**WHAT YOU NEED TO DO**
Instruction for the entries that follow: retype exactly the lines from the line with "HERNIOPLASTY Ha Ha" to the line with "make-up-brushes-20pics-set-pinela", both included, and omit all others.

**EXTRACTED RECORDS**

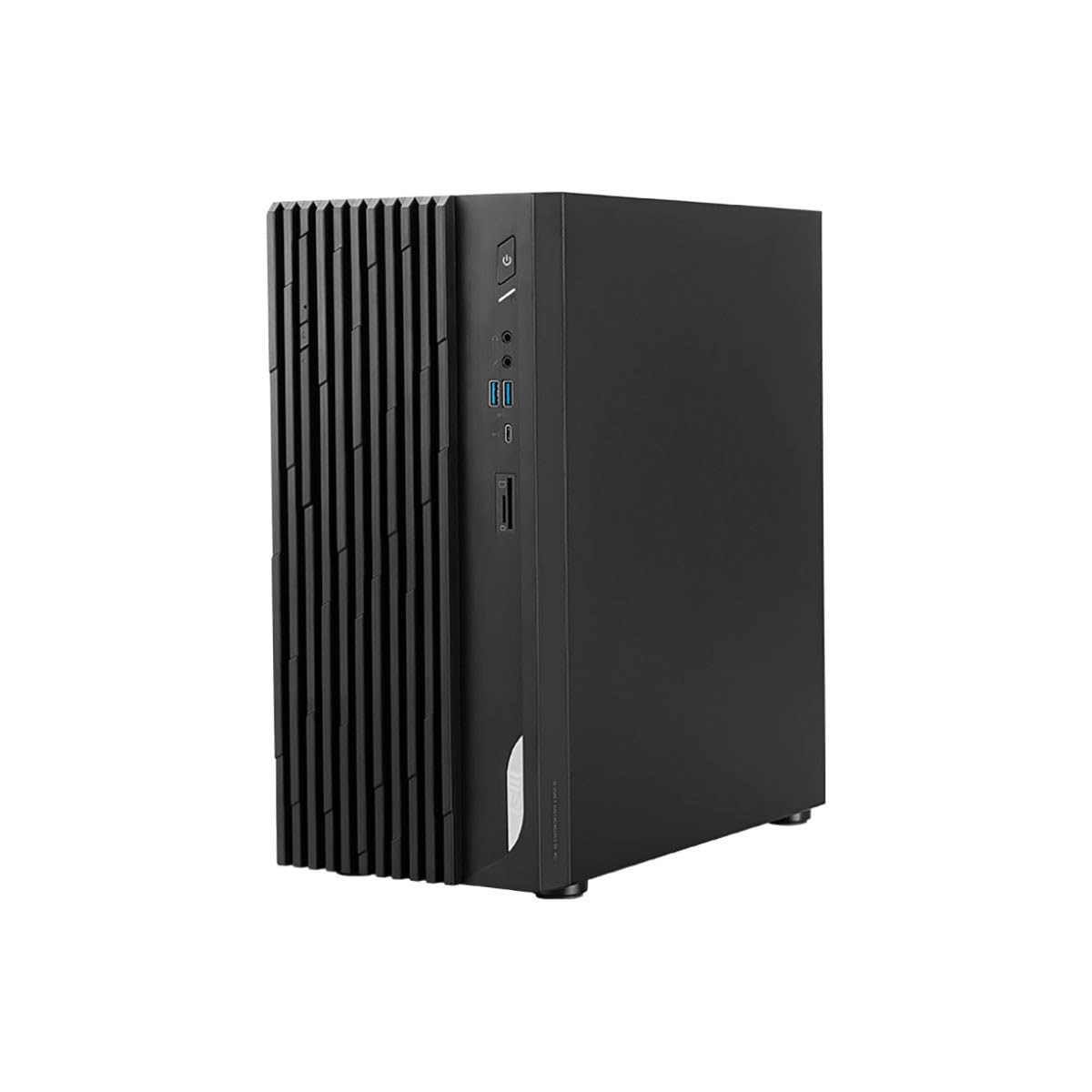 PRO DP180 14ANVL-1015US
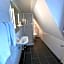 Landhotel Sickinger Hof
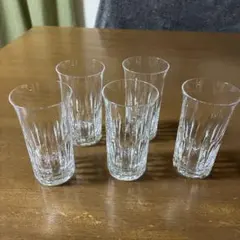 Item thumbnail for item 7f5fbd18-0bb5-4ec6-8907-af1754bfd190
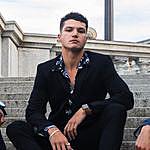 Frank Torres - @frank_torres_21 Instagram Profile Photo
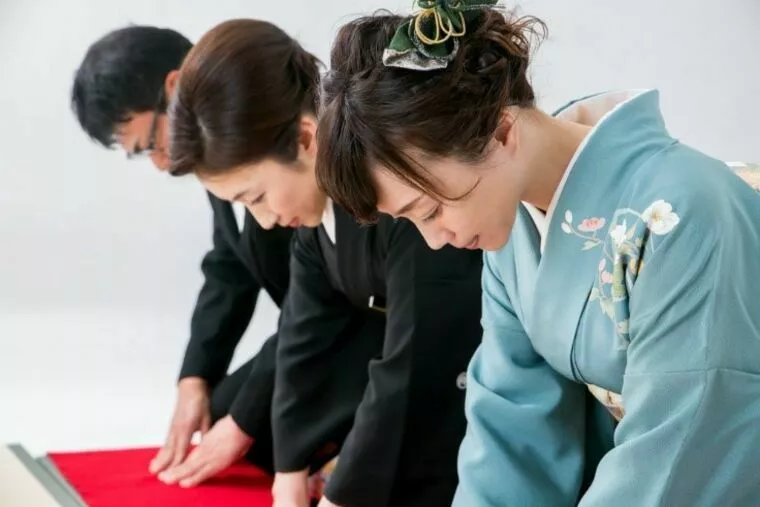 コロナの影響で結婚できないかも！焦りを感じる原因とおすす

==

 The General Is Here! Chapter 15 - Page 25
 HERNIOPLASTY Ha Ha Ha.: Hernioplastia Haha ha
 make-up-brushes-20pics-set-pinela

==

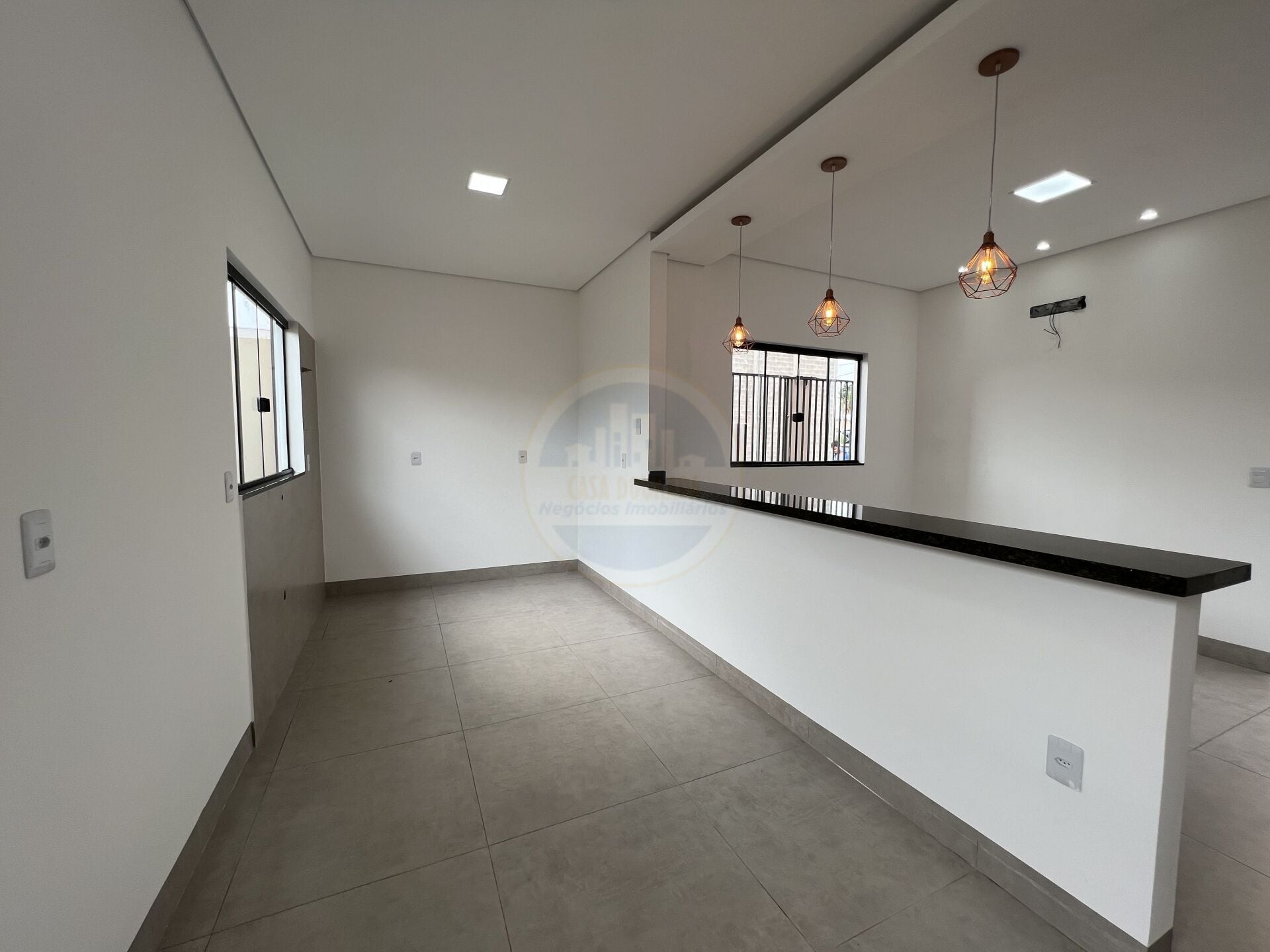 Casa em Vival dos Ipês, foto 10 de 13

**SOLUTION TO THIS TASK**
 HERNIOPLASTY Ha Ha Ha.: Hernioplastia Haha ha
 make-up-brushes-20pics-set-pinela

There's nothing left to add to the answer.